I have rarely come into contact with a typewriter, except when bashing away at one at a garage sale and dancing to Dolly Parton’s 9-5
News today that the world’s last typewriter factory – in Mumbai, India – has closed down has proved thought-provoking, even if the story is apparently false. I was born in 1983, so I have rarely come into contact with a typewriter, except when bashing away at one at a garage sale (the heavier thuds than the modern computer keyboard are appealing) and dancing to Dolly Parton’s 9-5.
What interests me about typewriters is not the nostalgia factor but the way it – and other technologies – have changed the way we write. Typewriters certainly made writing easier – the speed of fingers on keys is much closer to that of racing thought than handwriting (clear handwriting, anyway).
Were they an advance in terms of composition, however? Today, when I write an article on my Mac, I can rearrange its structure at will, move sentences, paragraphs, words in a moment. Second thoughts can obliterate first thoughts. My spelling – previously bee-worthy, now disabled by the phonetics of shorthand – does not need to be good, and autocorrect can catch errors before I even know I’ve made them. Does this make us more careless? Typewriters, being dumb machines (opposed to our ‘smart’ computers), do not allow such rejigging.
Manuscripts, too, are much closer to typewriters in their inflexibility: most changes must wait for the next draft. (Picture: Raymond Carver at his typewriter.)

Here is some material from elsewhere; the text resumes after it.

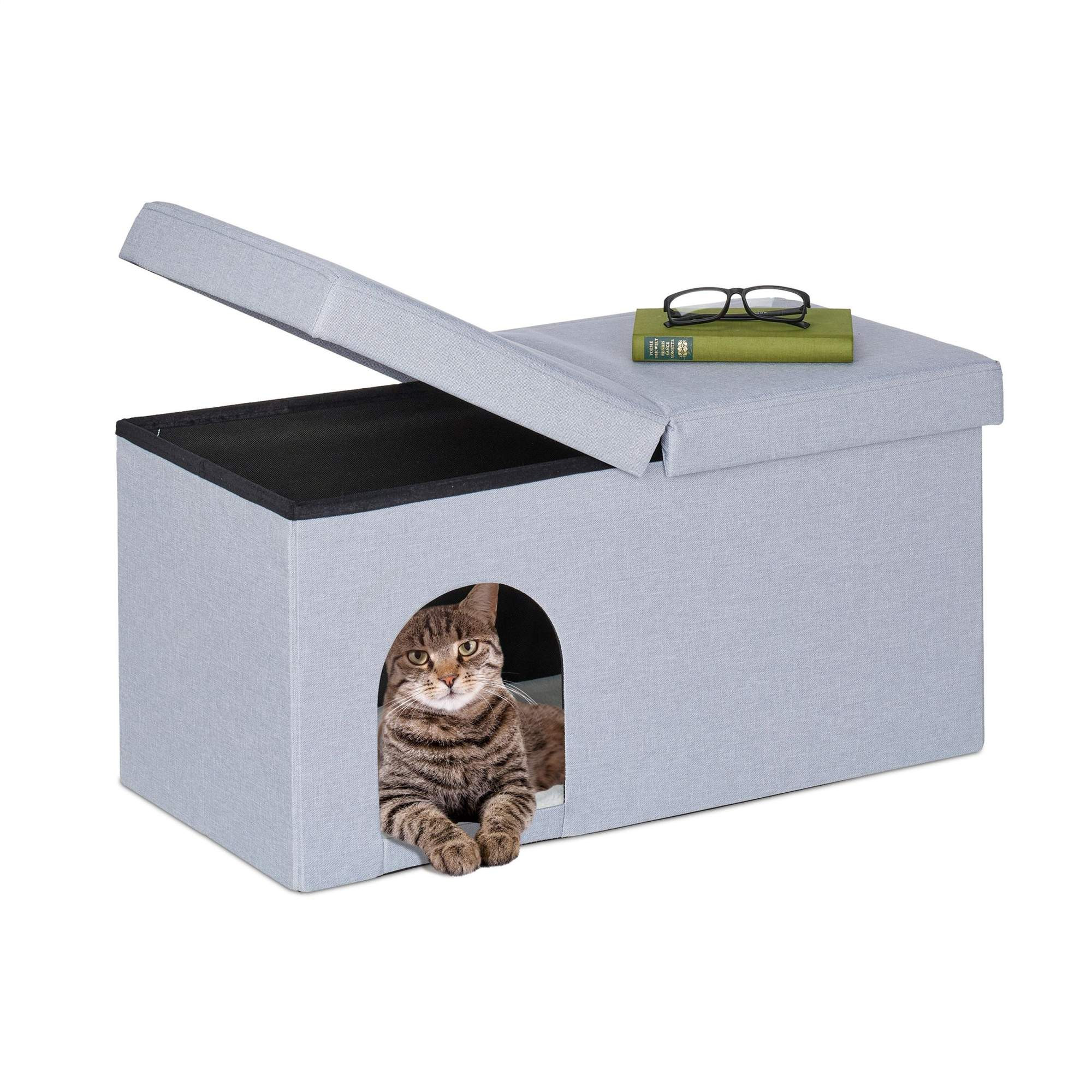 Cache-chat gris avec couvercle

The advantage of flexibility that computers give, however, gives a false impression of the creative process, even as it makes it slicker. One of the reasons universities and libraries are always trying to get hold of writers’ archives is not just for the unpublished material, but for the hand-written addenda and corrigenda and notes that manuscripts have. Did Evelyn Waugh want to replace this word with that? Was Virginia Woolf originally intending to have Mrs Dalloway buy the roses herself?

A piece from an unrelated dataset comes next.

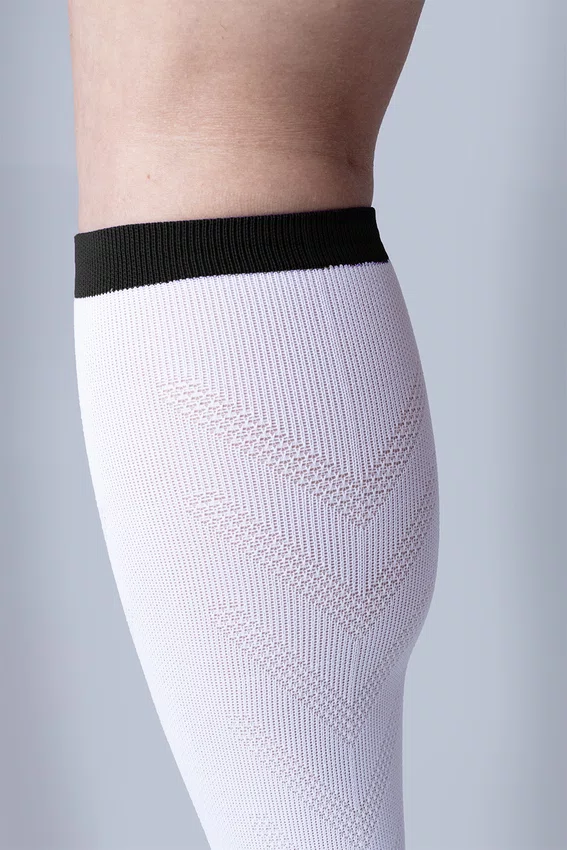 Meia HUPI Air Longa Branco e Preto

The process of handwriting, then hand-editing, work, with scratchings-out and addings-in, is much more revealing of the thought process of the writer than seeing an electronically-edited version. We still get markings on drafts, but many revisions have already been dealt with. Thanks to computers, a printed page of text is now a blank slate.
I am reading a new biography of Tolstoy for the Spear’s Book Awards, and while bashing out War and Peace on a typewriter or a computer would be some achievement, to have handwritten it – six thousand manuscript pages, according to the biog – is astonishing. Even for a slim novel, handwriting is a labour. Is the time-consuming process worth it? Presumably we wouldn’t put pen to paper until we’d thought a little more. And think, if you so choose, of posterity.
The typewriter might not be dead, but most of the benefits of its inflexibility are.